### Supplied material:
# # #
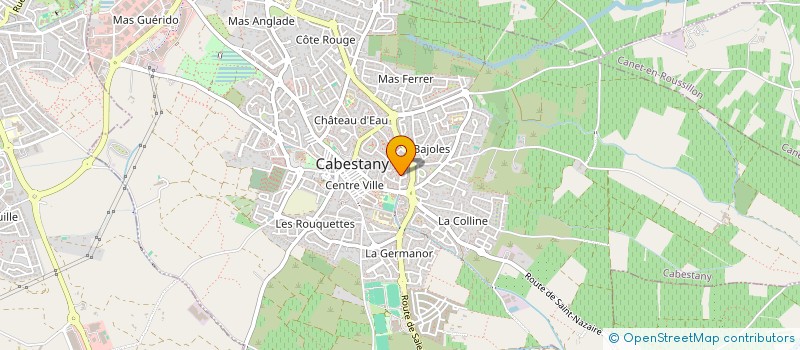 localisation de l'entreprise MONSIEUR FRANCOIS BLANC à CABESTANY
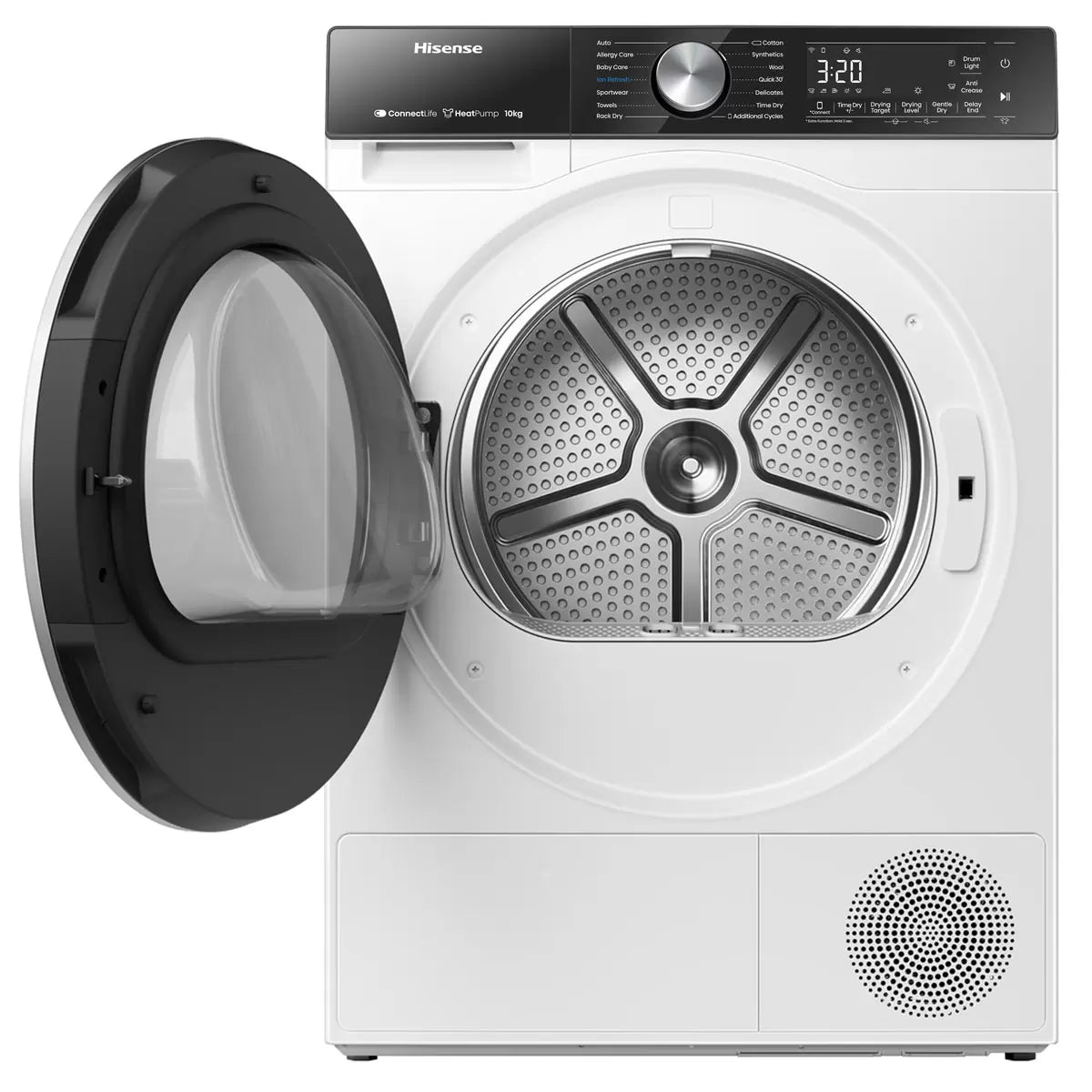 Hisense DH5S102BW, 10kg Heat Pump Tumble Dryer A+++ Rating in White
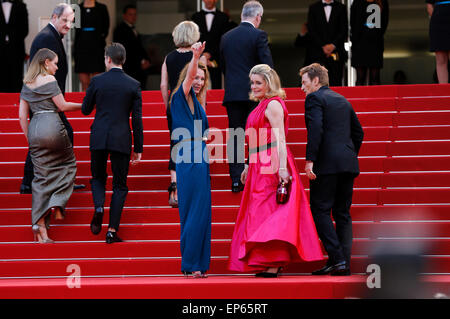 Emmanuelle Bercot, Catherine Deneuve und Benoit Magimel Teilnahme an der Opening Night mit der Premiere von "La tête haute / Standing Tall" bei den 68. Filmfestspielen von Cannes am 13. Mai 2015 Stockfoto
# # #
A faithful transcription of the material, with no pictures, is the expected result.

### Response to the task:
 localisation de l'entreprise MONSIEUR FRANCOIS BLANC à CABESTANY
 Hisense DH5S102BW, 10kg Heat Pump Tumble Dryer A+++ Rating in White
 Emmanuelle Bercot, Catherine Deneuve und Benoit Magimel Teilnahme an der Opening Night mit der Premiere von "La tête haute / Standing Tall" bei den 68. Filmfestspielen von Cannes am 13. Mai 2015 Stockfoto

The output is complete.